You could also go on lowenspirit.com and look at storage offers. servarica.ca has some nice ones that are supposed to be good, but I haven’t tried them myself. They are in the Montreal area.
The question of how much Data produces different recommendations. For example if over 5TB rsync.net
Man $500 a month for 50TB.
For less than that, I could buy 5x10TB hard drives every two months. Sure there’s value in the hosting and internet, but why is it so damned expensive compared to the price of hosting it?
You’re paying for redundancies in different regions, migrations, backups, upgrades, maintenance, generally not having to worry about losing your data. The storage costs nothing.
Technically you can buy a 10TB Seagate EXOS for $114; so you could buy the disk storage even more frequently if you wanted.
But if you don’t want to host your own storage, you will have to pay the hosting company’s building rent, taxes, salaries for their staff and their executives bonuses.
Or you can build a Machine that is at a friend’s house and pay only the hardware costs and benefit your friend. You know, building community…
Those cheaper drives scare me.
What grinds my gears is you can rent enough compute to handle this for $30 a month. That covers redundant internet, staff, fire suppression, generators, air conditioning.
I want to couple that with a chassis full of sata. Obviously more power and heat but not 16 times that.
You can get 2u of colocation for about a hundred bucks per month. I’ve been pondering for a few years building out a 4u chassis and doing a friends and fam storage co-op. You could do a 208tb (real 189) z2 with two parity drives for around $4,500 bucks plus 100-130 a month.
The current pricing is all based on SAS. Even the companies that aren’t using SAS are still charging like it is.

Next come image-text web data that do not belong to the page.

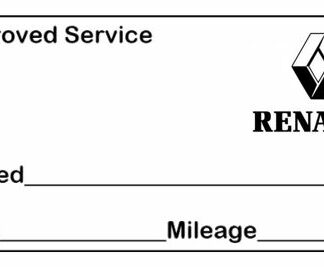 Renault Approved Garage Service Stamp - 38mm x 14mm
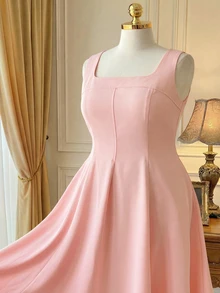 Rometta Plus Size Women's Elegant Brown French Style Square Neck A-Line Dress, Summer Formal Tea Party Waist Cinched Puff Sleeve Dress For Weddings, Dates - Pink - View 3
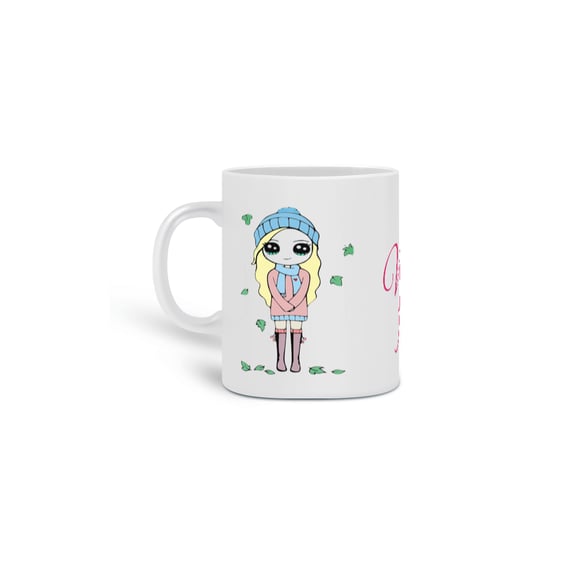 Caneca Fofa com bonequinha e frase: Vida Fofa!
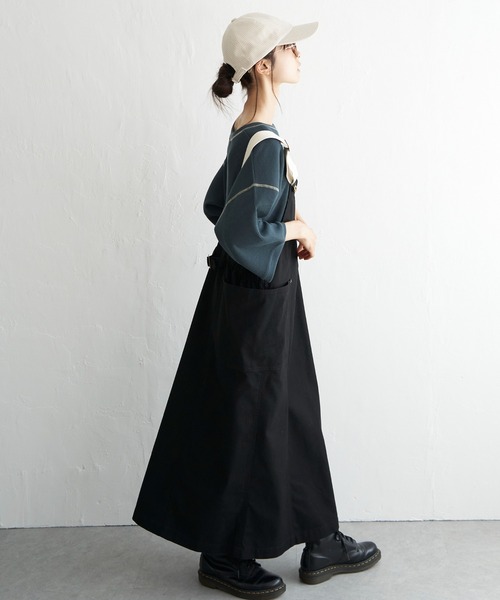 LBC（エルビーシー）の「バックサテンワークジャンスカ（ジャンパースカート・レディース・ダークオリーブ/ライトブラウン/ブラック・M）」の16枚目の写真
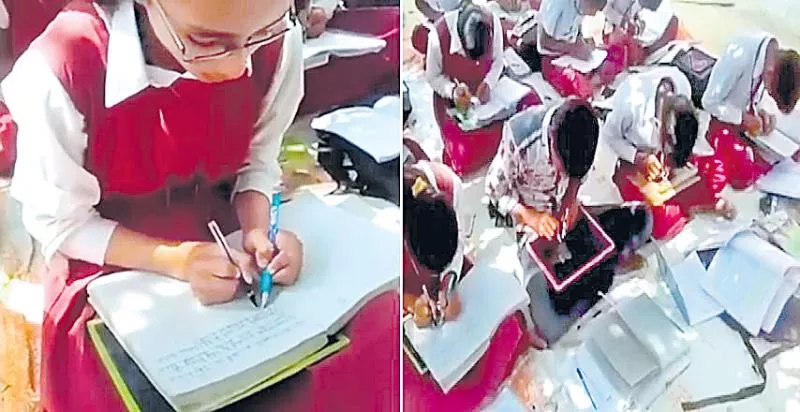 Students Writes With Two Hands Simultaneously at School in Singrauli MP - Sakshi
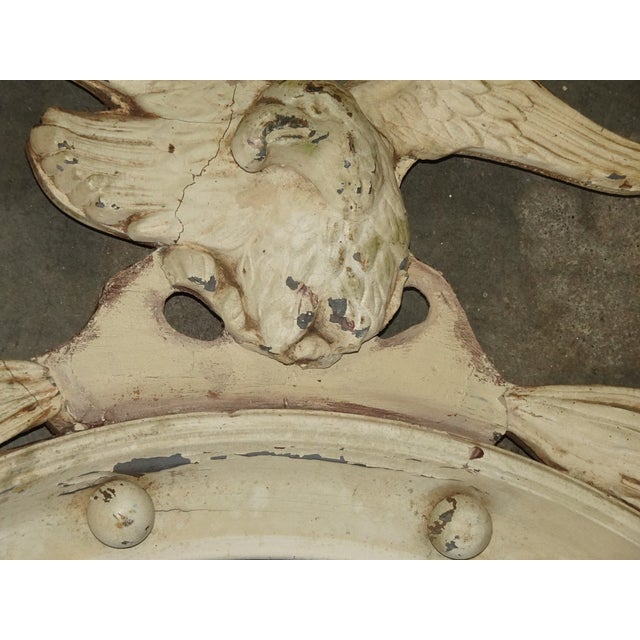 Antique Off White Federal Bullseye Eagle Convex Wall Mantle Mirror 13 Colonies#3 For Sale - Image 15 of 17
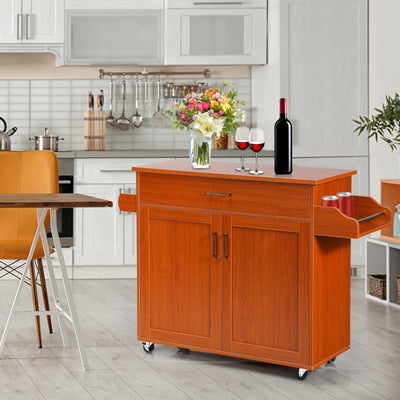 Rolling Kitchen Island Cart with Towel and Spice Rack-Orange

My husband says that they follow a “bathtub” curve and they either die in the first 60 days or last about 2 years when they are scheduled to be replaced.
Further he says enterprise drives stopped having ECC in 2008; so they stopped having any reason to trust them more.
I don’t trust anything further than their warranty. They’re setting their warranty to protect their bank account; those numbers will average in their favor.
Yeah, we don’t trust their warranties; the manufacturers have repeatedly failed to honor their obligations even when drives die well within the manufacturer warranty.
Also they have become crap: https://www.youtube.com/watch?v=6b0JcNqkZrk
you could also use some s3 object storage service, backblaze’s one is $6/TB/month
Yeah but S3 egress fees are a kick in the face if you need to recover.
Wasabi is also an option
R2 doesn’t charge egress fees, not sure how the price compares otherwise though.
Take pCloud - I paid one time, for a lifetime of 2 TB…
Jottacloud is pretty good. They have a Linux CLI too
Linux only, SSH works fine. Not e2ee. Nextcloud works fine but extra work unless you use a service provider. It can be e2ee but not normally so. Syncthing worth a look too. It is not cloud storage, but direct device transfer. Bitwarden send is useful too if you want to juat send file someone, and thunderbird is working on thunderbird send which might be interesting.
Maybe Synology if you want your own lan NAS?
For me personally, I split up my data into different cloud storage solutions depending on the sensitivity of the data, and frequency of access on the data.
For stuff I need quick access to, I use cryptomator with MEGA. MEGA has a pretty decent Linux App, but recommend using with cryptomancer or any sync-friendly encryption tool so that they can’t read the data.
For stuff I infrequently access, I personally just use Proton Drive. Plan to fully switch to using them once they have a functional Linux desktop application that supports syncing.
For more sensitive stuff like SSH Keys or documents that might contain my sensitive personal information, I personally just use VeraCrypt and store the encrypted file on a thumb drive, backing it up to another thumb drive every week.
I’ve been using mega. They have a decent linux client and file manager integrations.